Em uma das versões, a iniciativa tem como finalidade a colheita de dividendos eleitorais, uma vez que a operação policial que ameaça a carreira política do senador goiano Demóstenes Torres cita parlamentares de variados partidos. Segundo essa interpretação, quem sair na frente e obtiver mais espaço na mídia poderá minimizar os danos ao seu grupo e infligir perdas aos concorrentes nas eleições deste ano e nas de 2014.
No entanto, há outra possibilidade: geralmente, quando ocorre uma dessas raras convergências no Parlamento, o objetivo real é o atendimento dos interesses corporativos. Existe, portanto, grande possibilidade de que essa movimentação tenha como meta principal livrar os congressistas da presença incômoda de Demóstenes Torres e apagar rapidamente as pistas que conduzem a outros gabinetes.
Pauta rica
Assim, a “CPI do Cacheira”, como já vem sendo chamada, corre o risco de virar uma verdadeira “cascata”, no significado original e no sentido metafórico que a palavra carrega. Portanto, o resultado tanto pode ser uma enxurrada de denúncias como uma profusão de discursos sem conteúdo relevante.

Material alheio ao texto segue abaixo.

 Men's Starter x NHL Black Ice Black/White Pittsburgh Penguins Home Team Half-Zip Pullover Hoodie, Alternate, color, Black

Tudo pode depender, em última instância, de como a imprensa vai atuar na escolha dos muitos candidatos a porta-voz da moralidade que com certeza irão se apresentar. Por enquanto, todo o noticiário circula em torno de informações vazadas da investigação da Polícia Federal.
Como o Conselho de Ética do Senado estava até o início desta semana sem presidente, o Congresso não tinha condições formais de iniciar o processo contra Demóstenes Torres, que poderia expor a extensão das relações de Carlos Cachoeira entre os parlamentares.

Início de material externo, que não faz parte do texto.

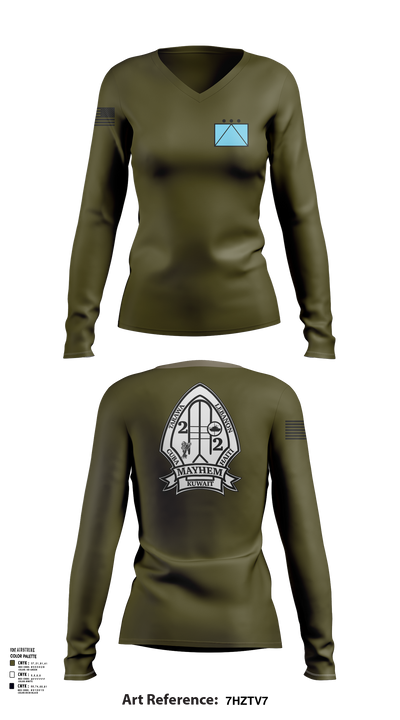 2ND BATTALION 2ND MARINE REGIMENT 94580172 Women's Long Sleeve V-neck Shirt - 51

Os jornais apostam que as chances de o senador goiano se livrar da cassação no Conselho de Ética são remotas, mas a tradição não justifica grandes expectativas em torno dos resultados de uma CPI.
Alguns senadores já tentaram se antecipar à investigação oficial, solicitando acesso ao inquérito da Polícia Federal, que corre em segredo de Justiça, mas o Supremo Tribunal Federal se negou a fornecer informações.
Ainda assim, sabe-se, por exemplo, que o esquema de Carlos Cachoeira incluía o fornecimento a parlamentares e órgãos oficiais de notas fiscais de um posto de gasolina para comprovação de despesas com verba pública.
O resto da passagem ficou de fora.